Monday, March 16, 2009

Your Pyrrhic Victories Quizo Update


It's tournament time, folks, and I'm sort of going back to my old ways. We all remember how I single-handedly caused Kansas to finally win the tournament last year through the judicious application of not doing a bracket and wearing the same t-shirt every time they played, but I figure that won't work twice. This year, then, I'm back with brackets and all that junk. I will bet money on Kansas, I will lose money on Kansas, and all shall once again be right with the world. Unlike last year, when for my money only maybe 3 teams had legitimate shots at winning, this year's tournament field looks a hell of a lot more wide-open. My earliest rough guess would say that any one of 9 or maybe 10 teams have a totally reasonable chance. Kansas unfortunately is not one of them, but as they say in French, c'est la vie.

All is not wine and roses in March Madness land, however.

A friend of mine got tickets to the first two rounds at Wachovia this weekend, and I'm trading him one of my US Open tickets for one of his tournament tickets. So that's, you know, pretty awesome, right? Going to the fucking tournament. March Madness in person! Rock and roll, right?

Wrong.

Because the NCAA are an organization so thoroughly venal and corrupt that they make Italian football look like the George Washington Appreciation Society, Villanova - who while talented are quite possibly the most overrated program in basketball - got a 3 seed and will play their first (and presumably second) tournament game at the Wachovia. So aside from the fact that the selection committee has ridiculously handed Villanova quite literally two HOME GAMES (Nova plays a couple games a year at Wachovia), I now find myself in a situation where I have paid money to watch Villanova play basketball against a team that is not LaSalle.

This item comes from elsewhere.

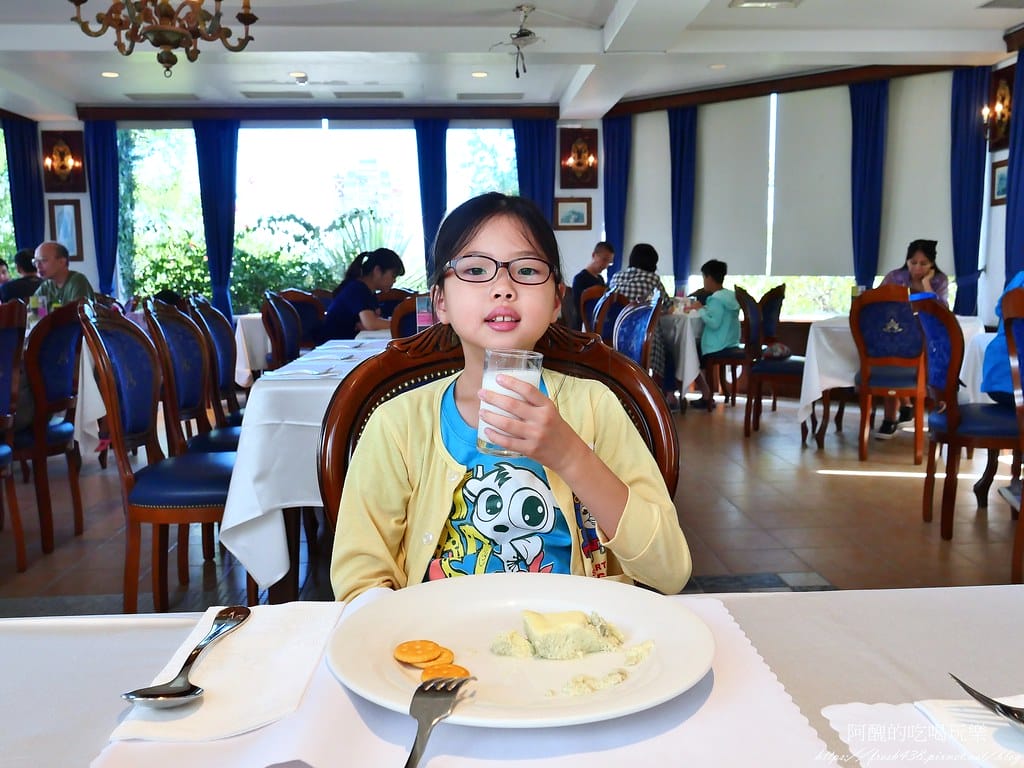 【宜蘭親子飯店】香格里拉冬山河渡假飯店,泡溫泉、兒童戲水、免費釣魚、看電影、吃宵夜,一應俱全的超讚飯店。 - 第139張圖 97-2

This is not a tenable position. I mean, it's not as bad as it might have been if, like, it ws St. Joe's playing a tournament game here. I'd probably have to legitimately kill myself in that case (or, more likely, someone else), but the fact that St. Joe's sucks has obviated that this year. Still, going to watch Villanova? On purpose? It's a good thing I normally shower three times a day already.

In other sports news, I caught a good chunk of the CA Championship yesterday where - and even I have a hard time believing this one - Phil Mickelson, Chokey McChokerson himself, couldn't even live up to the cruel nickname that I gave him because I hate him so, so much. Take, for instance, the 12th hole. Phil shanks his drive so far to the right that his ball stops under this hideous spiked little bush that looks like the mutant offspring of a palm tree and a pineapple. Phil, who I learned is right-handed and golf is the only thing he does left-handed, I guess because he's an even more gigantic douchebag than I originally thought, has to hit the ball with his club backwards because the bush-monster is where he would normally stand. Phil manages to whack that ball about 20 yards before it hits a tree and lands in the rough. He hits his third into a greenside bunker.

I saw that and said, "oh, baby, the choke is on."

Baron von Chokenstein remarkably only bogeyed that hole, and then rattled off a string of pars that would, eventually win the tournament. I watched this dumbfounded.

Motherfucker can't even CHOKE right. He choked on his choke. That is so freaking meta that if someone I didn't want to be crushed by a falling space station did it I would actually be impressed.

Also, finally, there will be an important Quizo-based announcement tonight, so be sure to stick around for that.

JLK

1 comment:

Scotty said...

But the 'Nova Wildcats are playing the American University Eagles! My Alma Mater! I'll go!

I was waiting for Phil McChokerson to implode as well.